Computers used to be difficult to set up. You had to know what cable went where; sometimes the same connector would be used just to add to the confusion. You may have had to install the operating system and do some testing before it was ready to go.

Surprisingly, upgrading the computer was easier then. Often the hardest part was opening and closing the case. There were separate cards for everything. Pull out a bad card, put in a good one. Even the main computer chip and memory was pretty easy to change, if you knew some basic precautions to make sure you put it in right and didn't let it get damaged by bad handling.
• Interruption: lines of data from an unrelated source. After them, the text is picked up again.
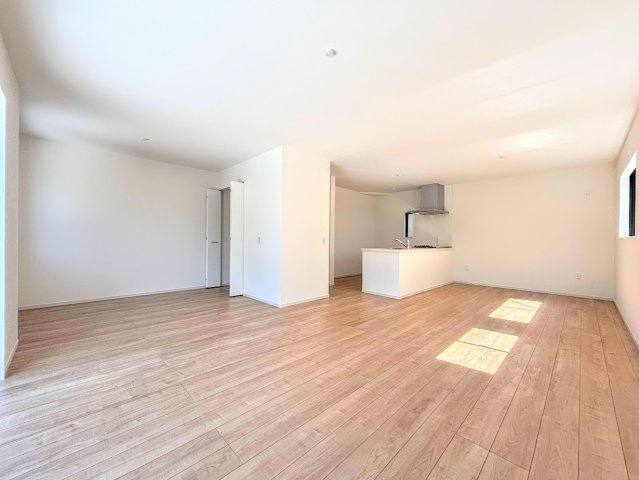 戸塚区平戸2丁目　新築戸建ての居間・リビング|◆一家だんらんのスペースとなるＬＤＫ。窓から明るい光が差し込み、思わず家族の会話も弾む快適な空間。
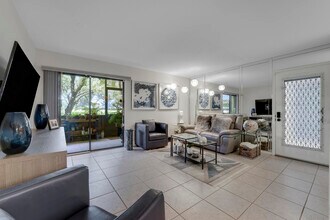 15484 Lakes of Delray Blvd in Delray Beach, FL - Building Photo - Building Photo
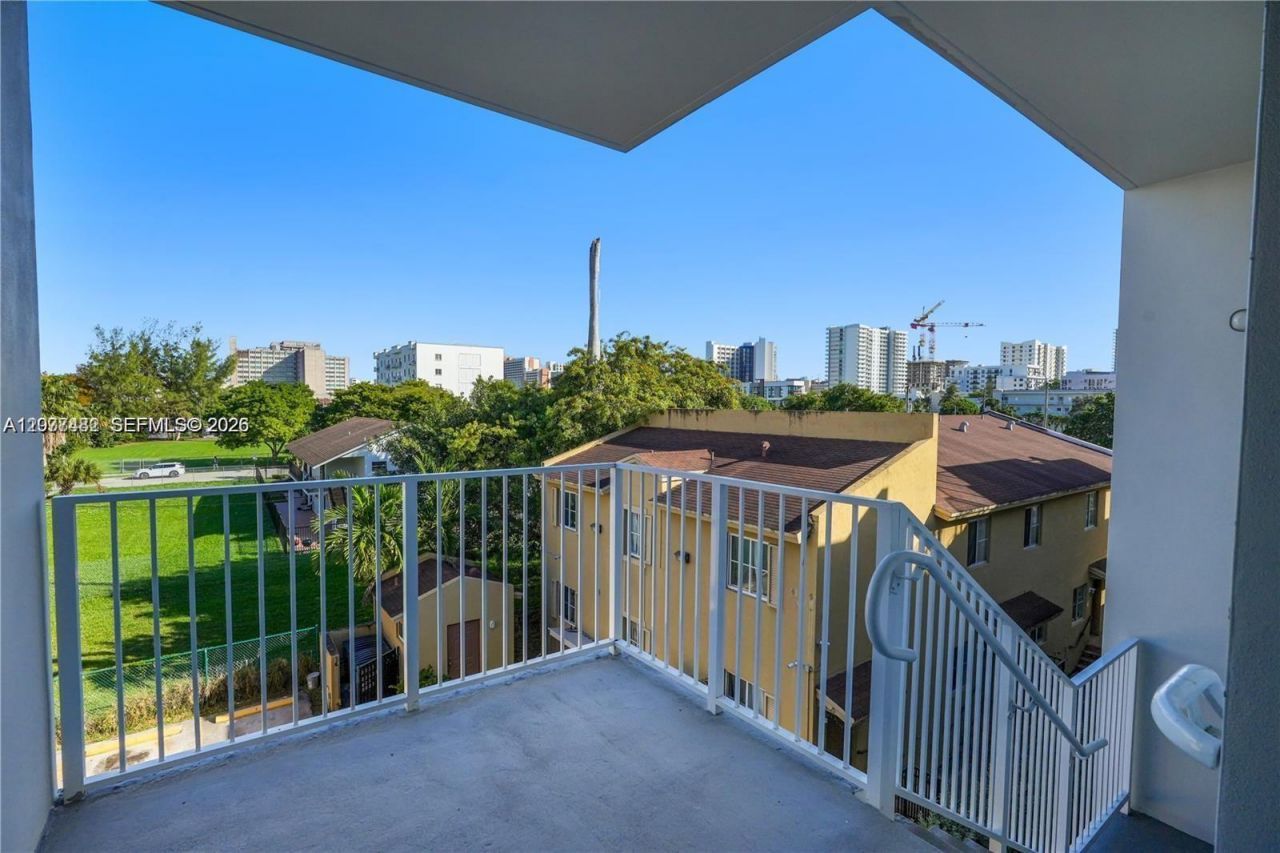 1620 NW 18th St , Unit 305, Miami, FL 33125 Photo
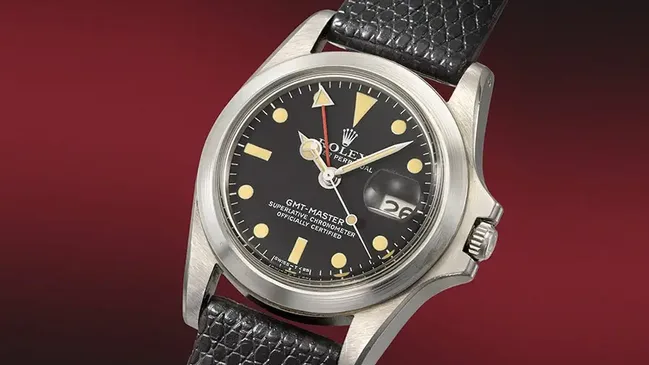 Rolex GMT-Master Modell, Ref. 1675, Gehäuse Nr. 3'245'836, der Gehäuseboden mit der Handgravur 'M. Brando' von dem Schauspieler selbst, um 1972. Gehäuse: 39 mm Durchmesser. Verkauft für: CHF 4'582'500 am 6. November 2023 bei Christie's in Genf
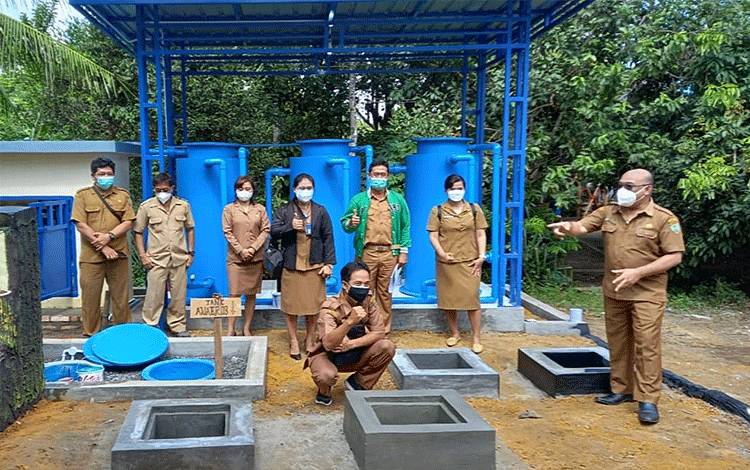 Pemeriksaan instalasi pengolahan air limbah atau IPAL oleh Dinas Lingkungan Hidup dan Dinas Kesehatan Barito Timur.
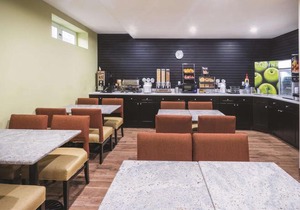 La Quinta Inn & Suites by Wyndham Brooklyn Central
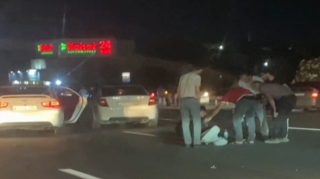 Bakı-Sumqayıt yolunda motosiklet qəzaya uğrayıb - FOTO 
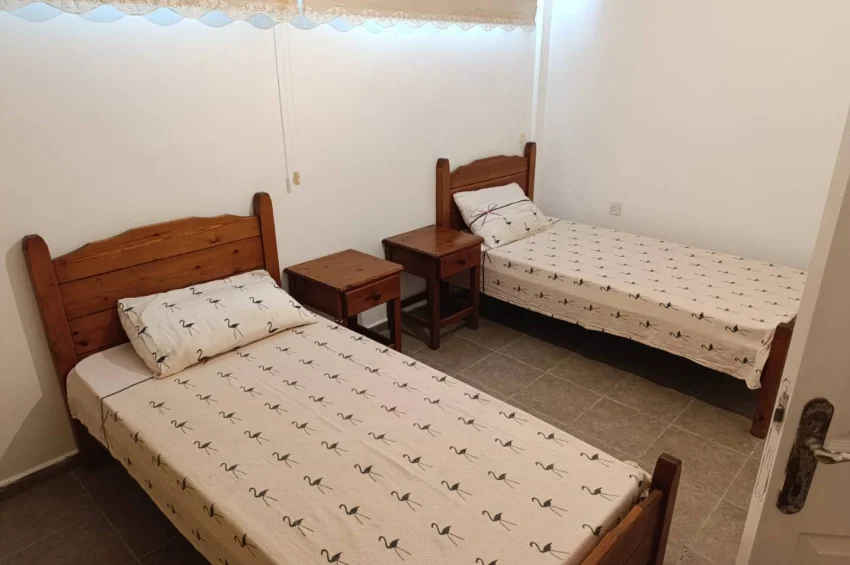 Eksklusiv Triplex Villa ved Sjøen med Panoramautsikt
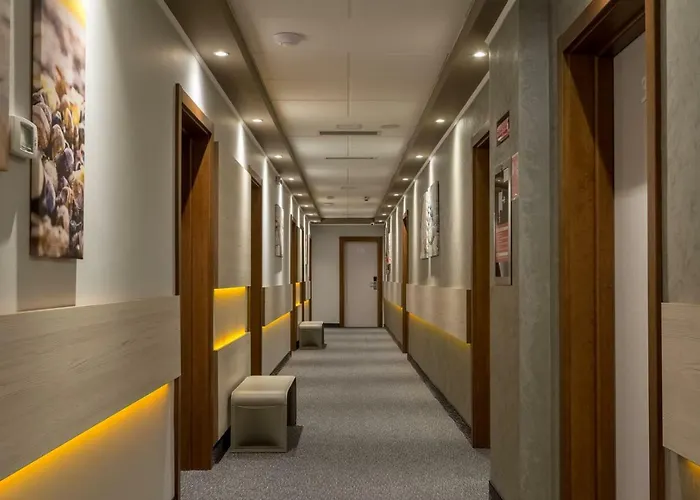 Splendid Conference & - Adults Only 4*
Things have reversed today. Many cases have thumbwheels or catches to open and close. Cables are color-coded or only fit into a single socket in one direction. Drives slide out when you press a catch and slide right back in. Computers come with the latest operating system all ready for use. If you just got a new computer and you have a bunch of boxes sitting on the floor, don't call me. Take a breath, say "I can do this!" and do it. Open the main box and pull out the "quick start" card. It'll tell you how to plug in the keyboard, mouse, monitor (the monitor might have it's own "quick start" card) and you're ready to go. If you want a printer or scanner, they come with their own "quick start" cards and CDs. The instructions offered by the major companies are quite good. Make sure you do one thing at a time: set up the basic computer. Then add the printer or webcam or anything else you have. Pull out your old CDs and install whatever programs or games you like to use. Or if this is a new computer for someone else, get their new CDs and install whatever they want to use.

Your internet provider should have given you instructions on how to set up to connect to the internet. Usually they're pretty complete. Give it a try. It's rewarding and free. With most DSL and cable, all you do is plug in the network cable and go!

Sometimes, things don't work as expected. The most cost effective thing to do is call customer support for whatever the most likely culprit is. You should have warranties for everything; take advantage of them!

Things that aren't covered are special cases, like when you try to put your old monitor on the new computer and it doesn't work right, or when you want to move your data from one computer to another. If you get stuck on how to get your Quicken data or Outlook e-mail or Word documents to your new computer, drop me a note and I can often tell you via e-mail how to move things.

The other part of the secret is, upgrading has become more complicated. In the old days, if you needed memory you went to a computer store and got the size you needed (after checking the manual to make sure it could handle the size you needed). Now there's all different kinds of memories running at all different speeds and if you get the wrong one your computer probably won't work at all. If you get the PC2700 DDR because it's so cheap and your computer needs PC100 (expensive), you're in trouble.

And changing the CPU (computer chip) is a real ordeal these days: you need to fight a fan that's clamped on top and may even have a collar connecting to the outside of the case. Under the fan is thermal goo and a heatsink that has to be removed and replaced. It can be done, but it's not for the squeamish, and it's well beyond a web page like this.

Bottom line: setup that new computer yourself. You won't hurt it and you'll astound your friends. If you get stuck, try customer support. If you really really get stuck, I'm here.